La paix à offrir (3/3)

 


Nous nous percevons petites vagues, perdues sur l’immensité de l’océan, au milieu des autres vagues, dans un vécu de séparation, d’exclusion, de déconnexion. La vague se sent vulnérable quand elle est dans l’ignorance d’elle-même, mais, quand elle regarde en profondeur, au-delà de sa désespérance à se sentir si insignifiante, elle voit que son essence est l’élément «eau», une essence qu elle partage avec toutes les autres vagues. Tout change alors. Elle reste «elle», singulière et distincte, mais elle se sent en paix quand elle embrasse la calme magnificence de la réalité de son être. C’est ce qui se passe à cet instant, dans l’expérience partagée avec cette femme. Elle est la vague. Je suis la vague. Nous sommes indissociables de l’océan. Nous sommes l’océan. Nous n’avons jamais été ni perdus, ni exclus, ni déconnectés.

Au niveau ultime, n’y aurait-il plus de solitude ?

Je sors très apaisé de cette chambre et vais m’asseoir quelques instants dans un bureau isolé. J’ai besoin de réfléchir, de contempler ce qui s’est passé. Cette femme a trouvé en elle un espace de paix. Sans même en avoir conscience, elle me l’a offert en retour.

Je m’interroge. Et si l’inverse était vrai? Si je fais la paix en moi, de quelque manière que ce soit, par la méditation ou tout autre moyen, puis-je moi-même offrir la paix en retour à autrui, afin de le toucher intérieurement de la même manière que cette femme m’a touché? Pourrais-je y parvenir, sans rien faire d’autre que simplement cultiver mon propre espace intérieur ?

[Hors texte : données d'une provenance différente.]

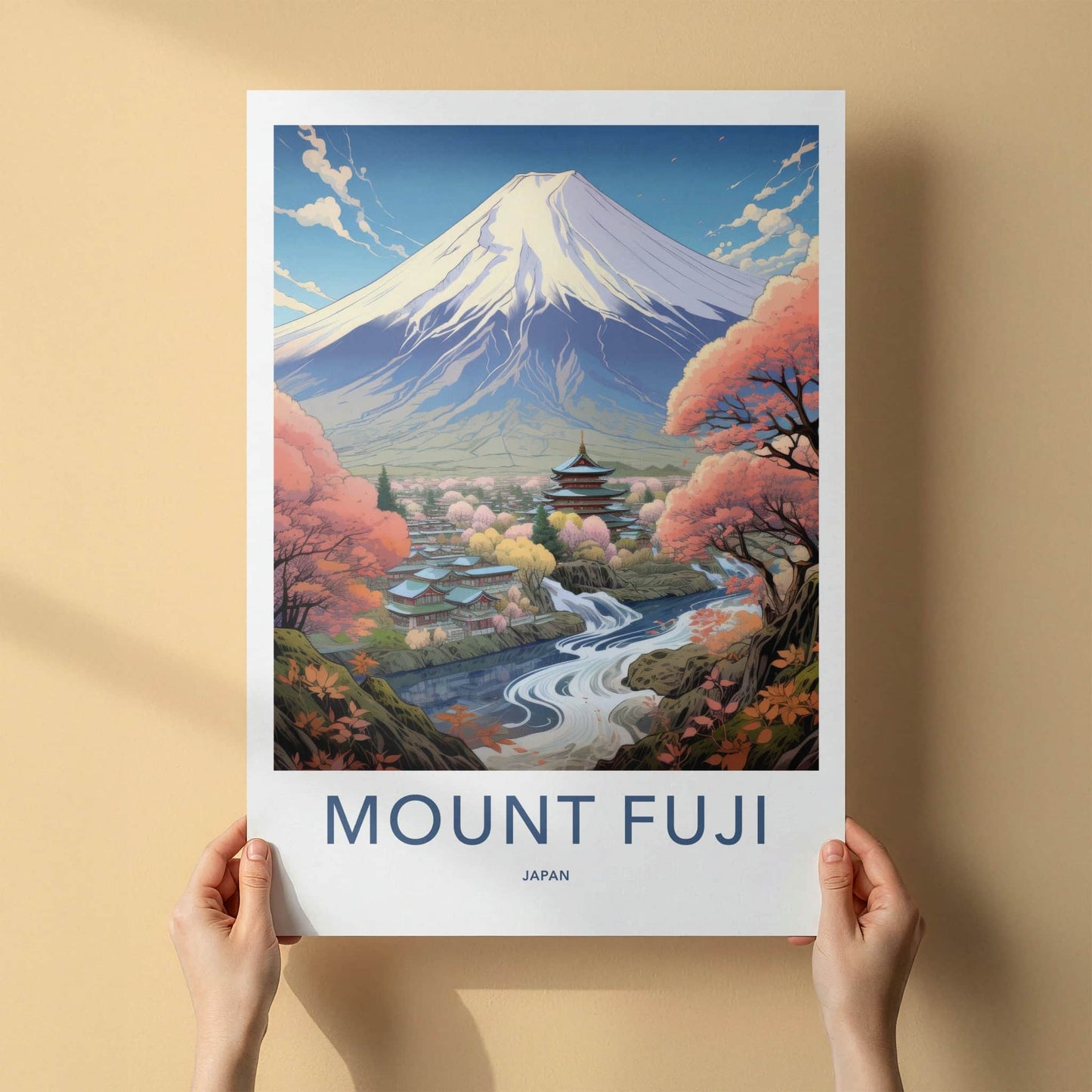 Mount Fuji Poster - Japan Travel Art - Temple River View Wall Decor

Il y a de la joie dans cette prise de conscience. La joie de constater qu’on peut spontanément faire du bien à ceux qui nous entourent par le simple fait d’aller à la rencontre de nous-mêmes.


Dans cette perspective, me donner de la paix, du calme, prendre soin de moi, cesse d’être un mouvement égocentré où mon seul bien-être est la priorité, la seule finalité. J’inscris cette attention à moi dans une attention à toi, conscient que tout le bon que je peux générer en moi a le pouvoir de toucher ton cœur, sans même que je le veuille, sans même que tu le saches.

Faire vibrer mon diapason intérieur de ma plus belle note et te laisser entrer en résonance. Sans rien faire. Sans rien te dire. Cela ne vaut-il pas la peine d’essayer? Ne serait-ce pas là le sens des mots du Dalaï-Lama ?

« Fais la paix en toi et tu feras la paix dans le monde. »

Ce matin, je crois que cette dame qui va bientôt mourir vient de me les faire comprendre.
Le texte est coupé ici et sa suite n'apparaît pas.